Ao passar por uma banca de jornal, nos deparamos com manchetes ilustradas por mulheres brutalmente assassinadas: com roupas rasgadas ou sem roupa, banhadas em sangue, golpeadas, desmembradas, mutiladas e decapitadas. Nas pequenas frases que remontam a tragédia cotidiana de nossas vidas, costumamos ler: “outra mulher morta”, “mais uma morta”, “mulher decapitada”, “encontrou a morte”, “encontrada morta”, “mulher morta a tiros”, “morta a machadadas”, entre outras publicações que ocultam uma história de vida e banalizam a violência feminicida.

Feministas marcharam contra a violência feminicida, Puebla. “Não é não!”/Foto: Andree Jiménez

Por um lado, isto nos revela um problema importante de imparcialidade no jornalismo, que baseado numa cultura misógina e sexista objetiva e coisifica ainda mais o gênero feminino, que mesmo depois de morta a mulher não está isenta de ser coisificada.
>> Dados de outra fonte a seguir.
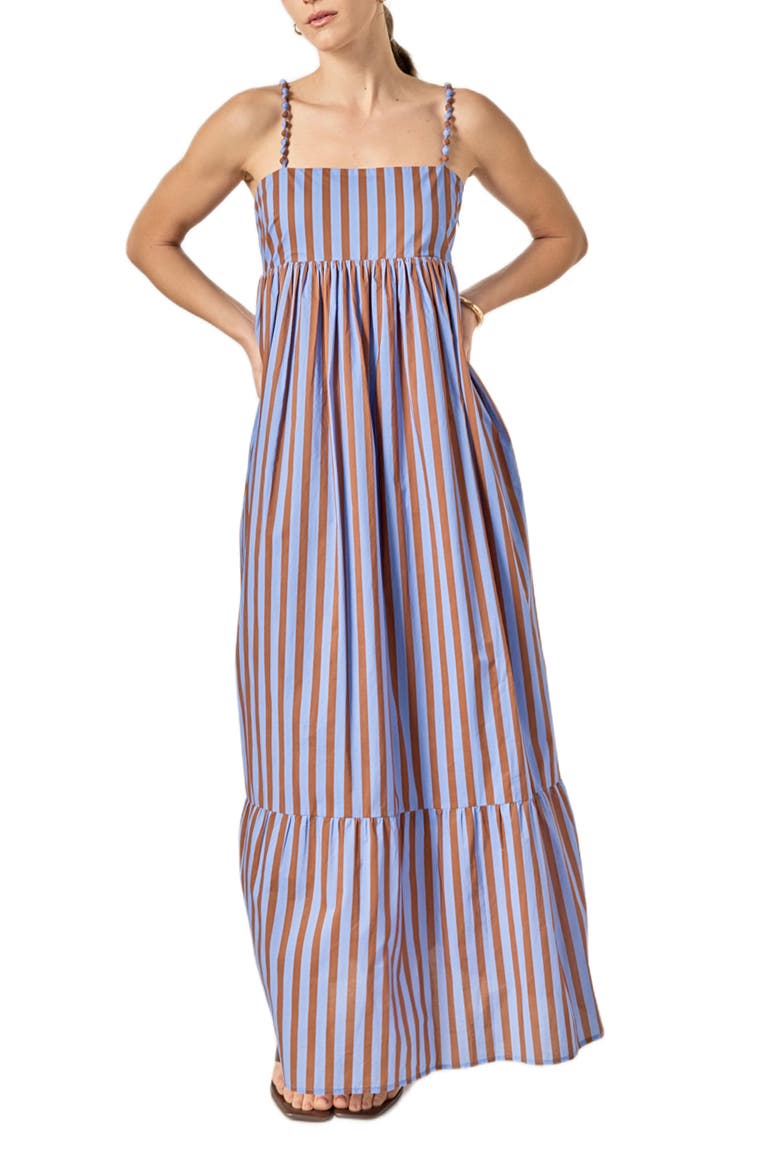 Big Stripe Sleeveless Maxi Dress, Alternate, color, BLUE/ BROWN STRIPE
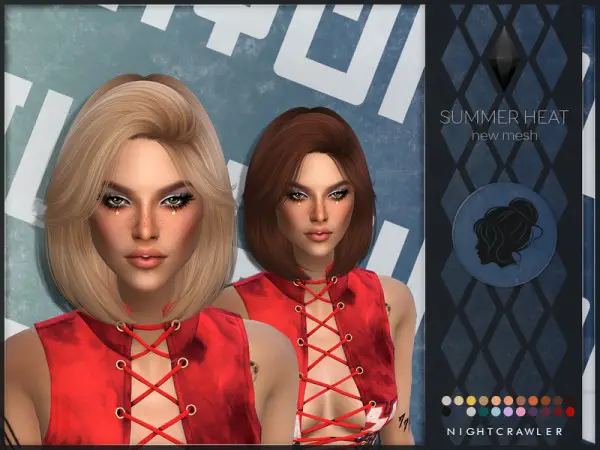 The Sims Resource: Summer Heat Hair by Nightcrawler for Sims 4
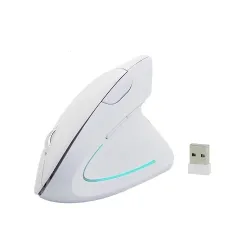 MouseRatón inalámbrico vertical ergonómico - USB - óptico - 1600 DPI 6D - con luz LED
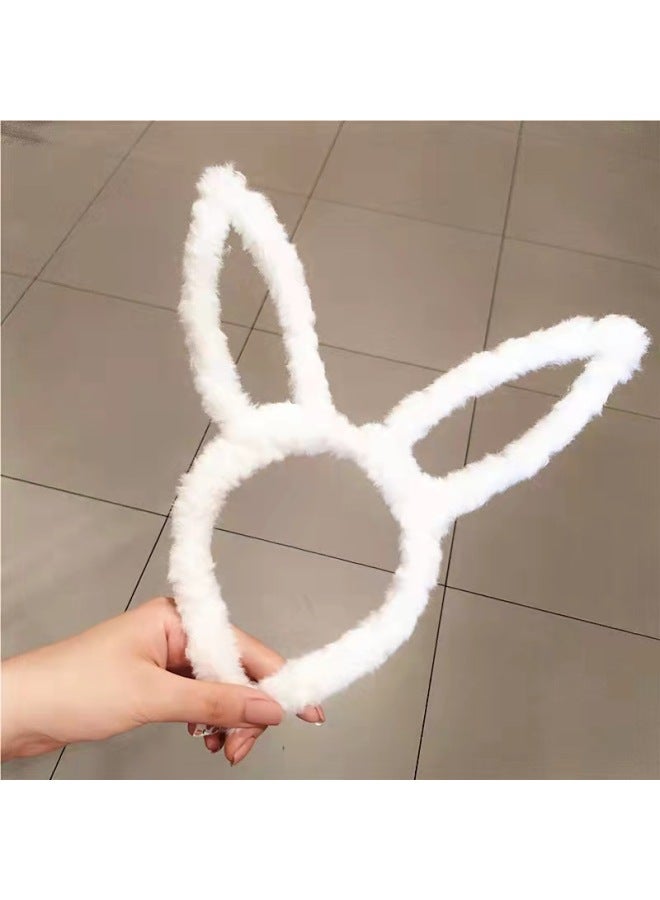 Cute Luminous Plush Rabbit Ear Hairband 14 Light Girl Flash Headband Push Sweep Code Small Gift Party Activity - Image 1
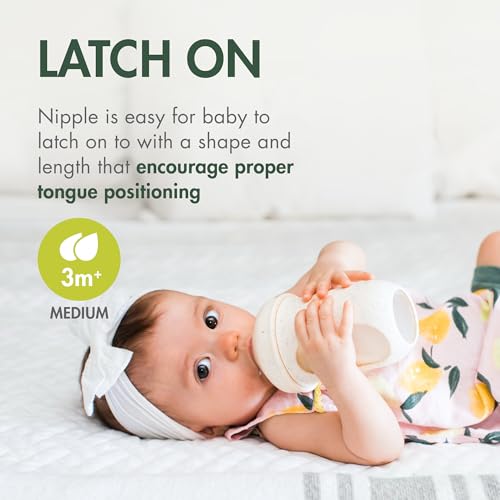 Image of Boon Nursh Bottles - Silicone Baby Bottles Help Ease Colic Symptoms - Reusable Food-Grade Silicone Pouches with Polypropylene Shell - Medium Flow - 8 Oz - Speckle Green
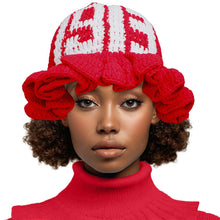 Cargar imagen en el visor de la galería, DST Sorority Red Crochet Ruffle 1913 Bucket Hat
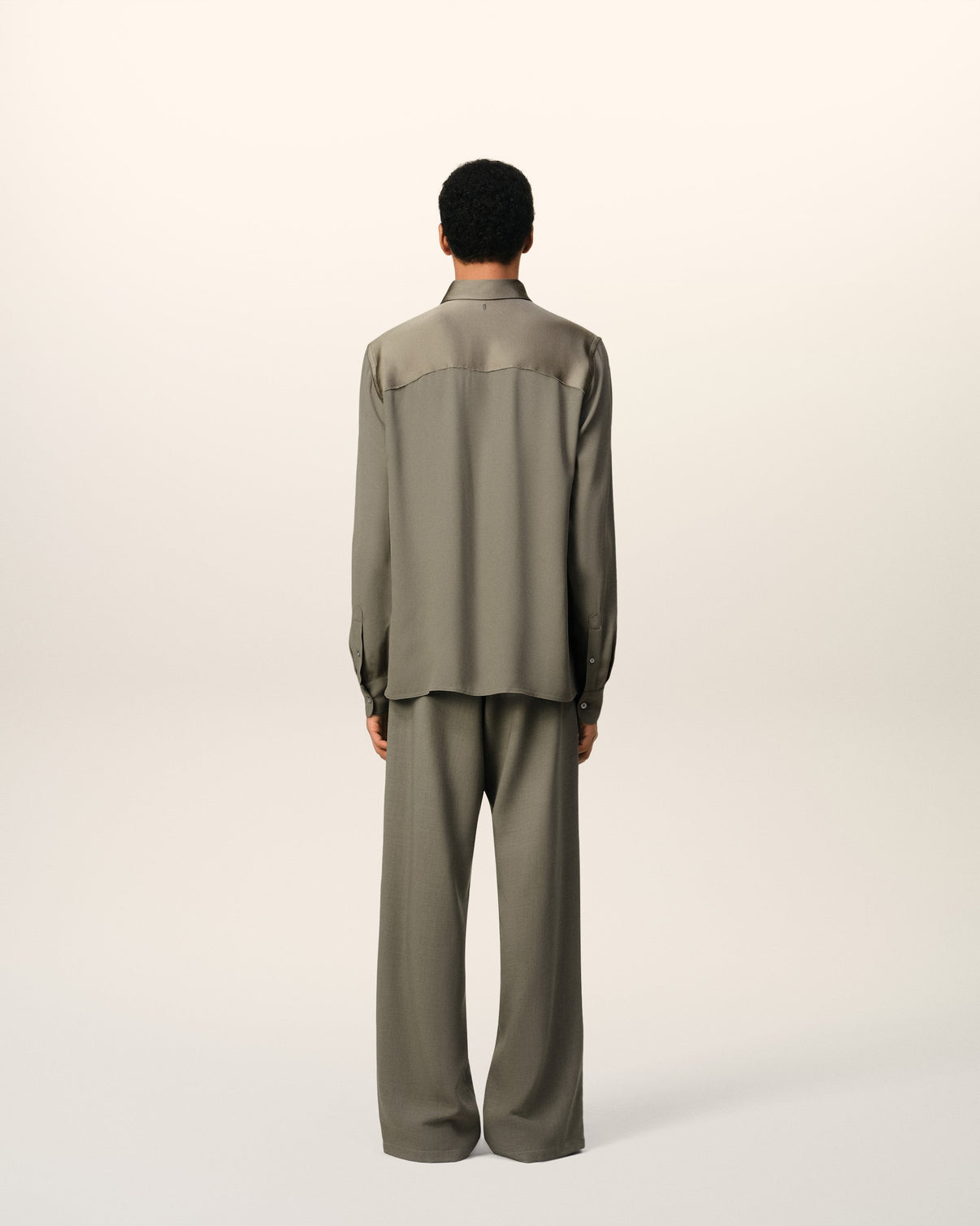Beige Contrasted Top Long Sleeve Shirt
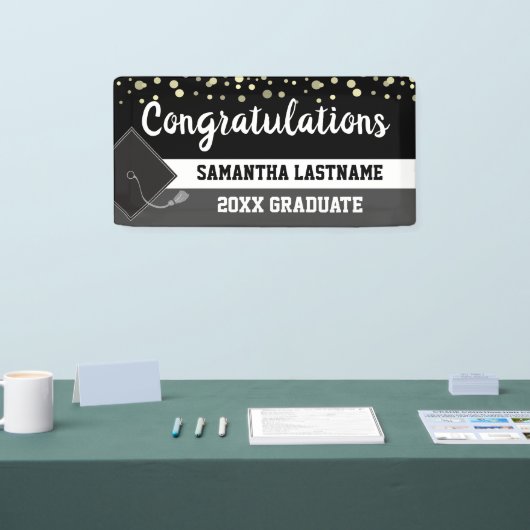 Gefeliciteerd Naam student en Boekbouwverbod Spandoek (Beurs)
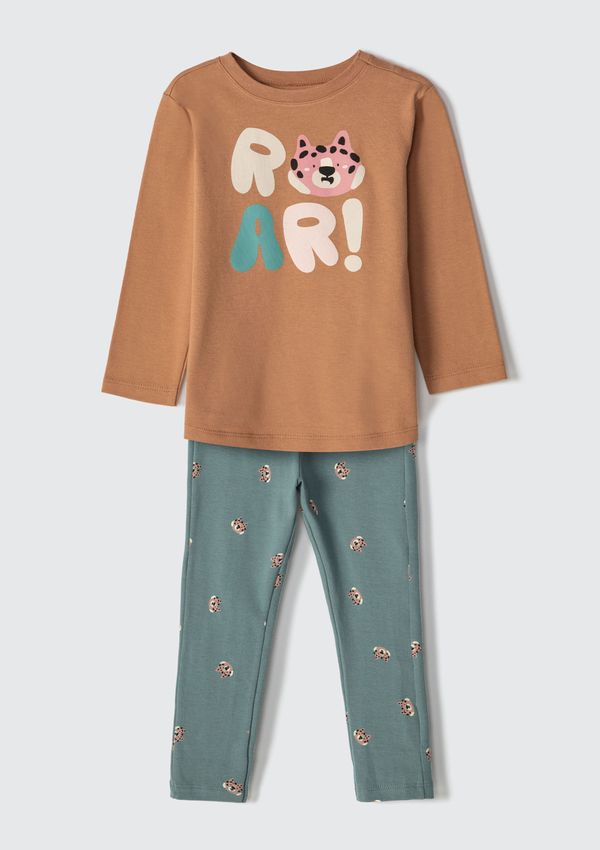 Conjunto Infantil Menina Longo Estampado Toddler - Marrom 003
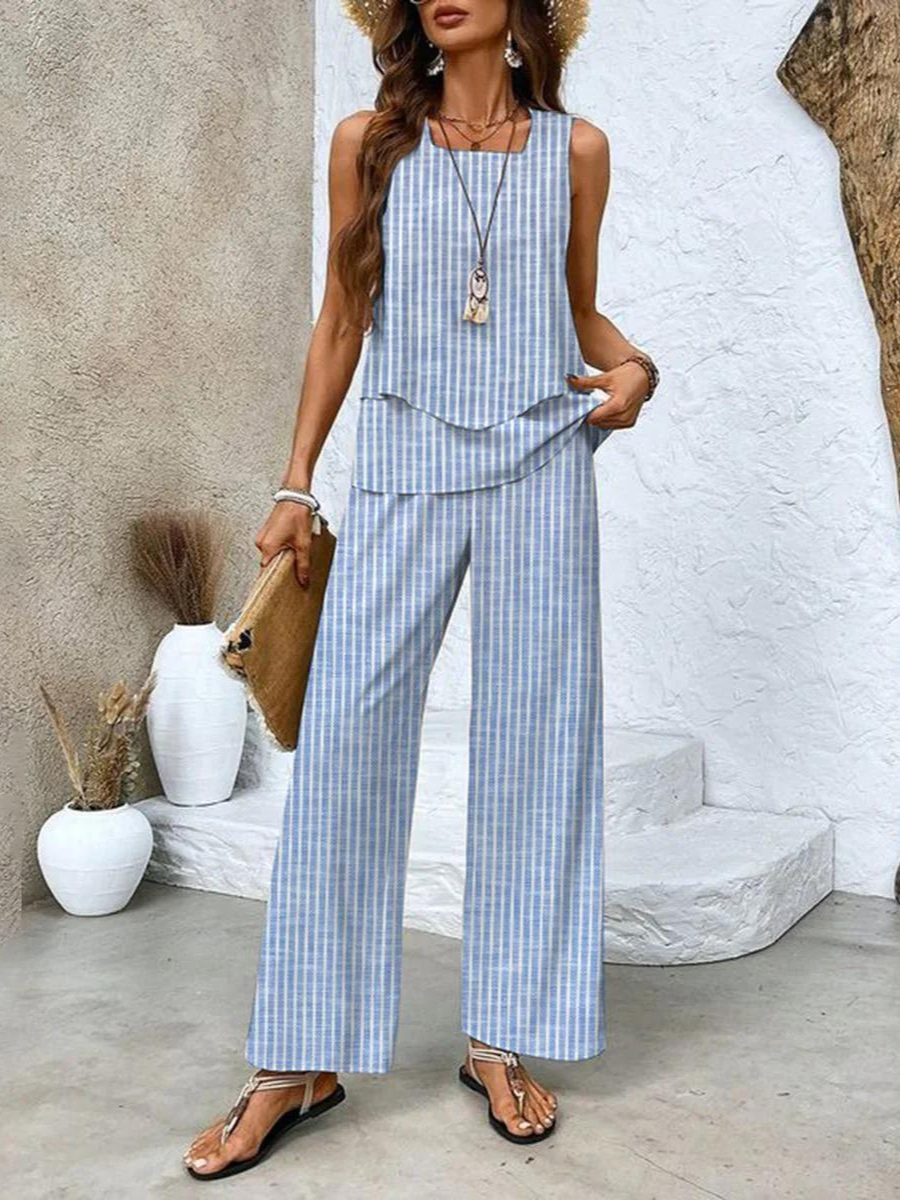 Co-Ord Set | Women's Palazzo Pants and Top Set for Summer-Fashion Nora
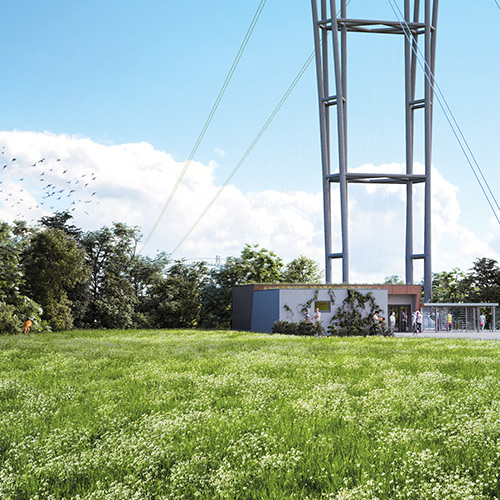3D Darstellung des Pylon der Neckarline mit dem Besucherzentrum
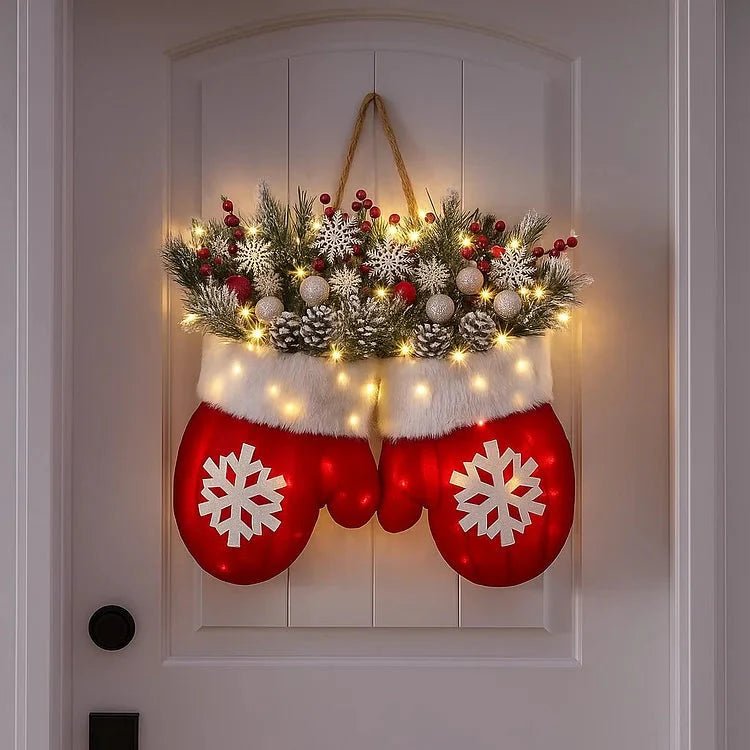 Pre-Lit Christmas Wreath - Mitten Shape with 120 LEDs & Timer for Holiday Decor 1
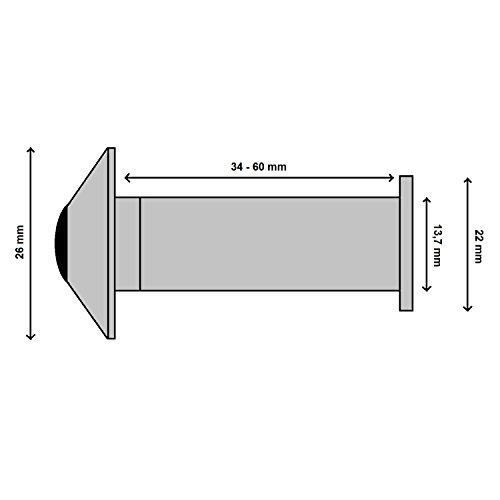 Judas avec vue protection | véritable lentille en verre | 14 mm entre les trous – Grand Angle 200 ° – Couleur : Inox Satiné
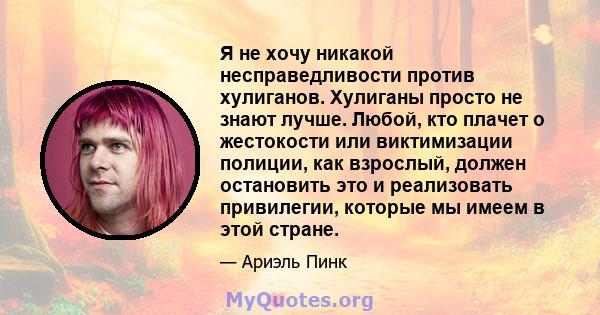 Я не хочу никакой несправедливости против хулиганов. Хулиганы просто не знают лучше. Любой, кто плачет о жестокости или виктимизации полиции, как взрослый, должен остановить это и реализовать привилегии, которые мы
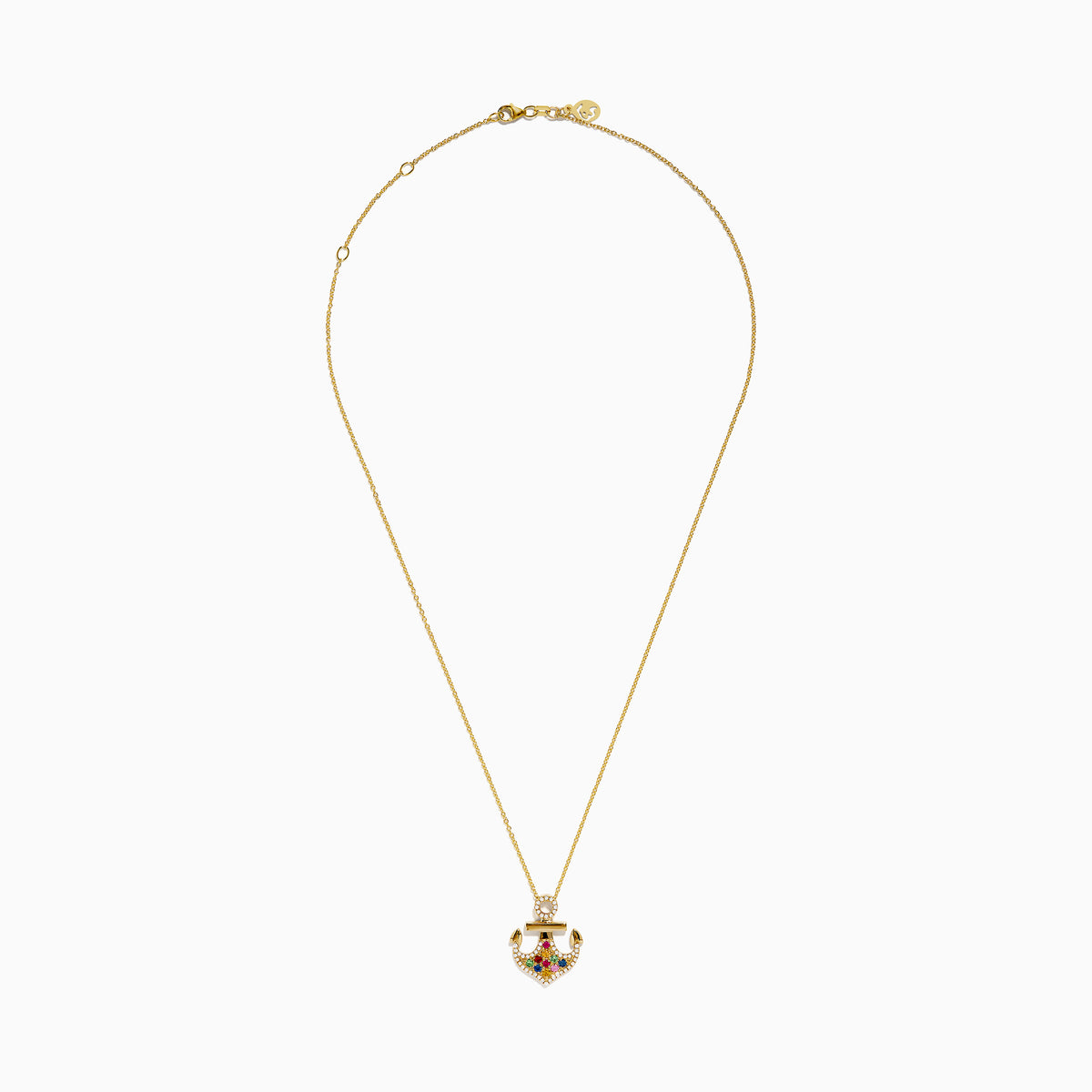 Introducing the Seaside 14K Yellow Gold Multi Sapphire and Diamond Anchor Pendant—a delicate gold necklace featuring a diamond anchor adorned with sapphires and colorful gemstones.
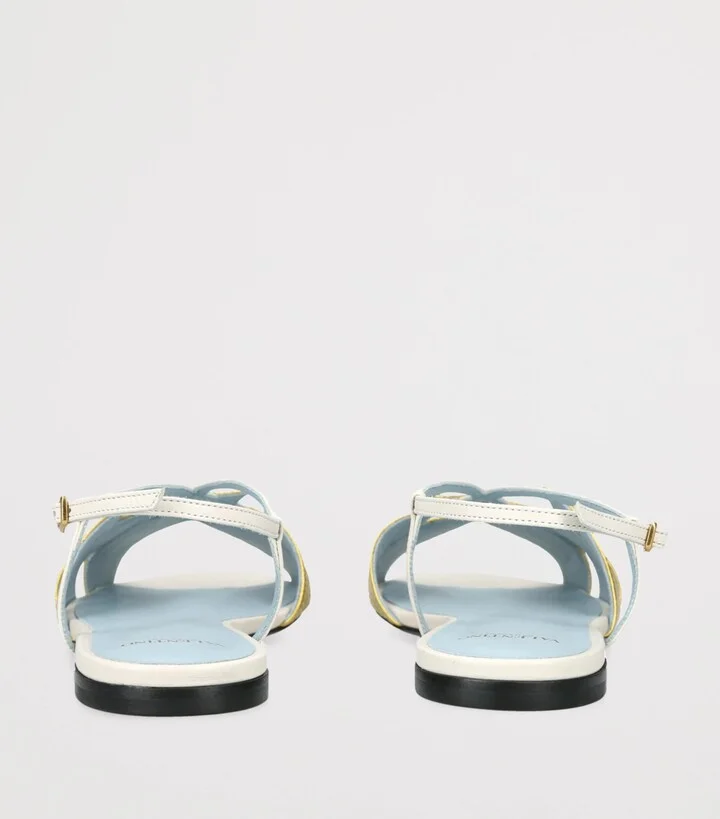 Valentino Garavani Leather Foliefoliage Flat Sandals - Image 2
Além do terror e medo que são transmitidos a cada mulher todos os dias.

A fala de Itandehui Reyes-Díaz reflete sobre a mensagem que está sendo dada por esses meios de comunicação: “a grande espetacularização do terror que os meios de comunicação replica, acompanhada de uma foto de uma mulher assassinada, reitera o lugar das mulheres e o efeito é contra-insurgente para a população feminina e para os corpos feminizados”.

“Essa é a hipervisibilização da mídia dos assassinatos que causa um efeito de terror em nossos corpos. Cada história e número de mulheres mortas nos fazem pensar que poderíamos ser a próxima, e isso tem roubado nossa criatividade e energia para pensar além de sermos vítimas ou alvos”.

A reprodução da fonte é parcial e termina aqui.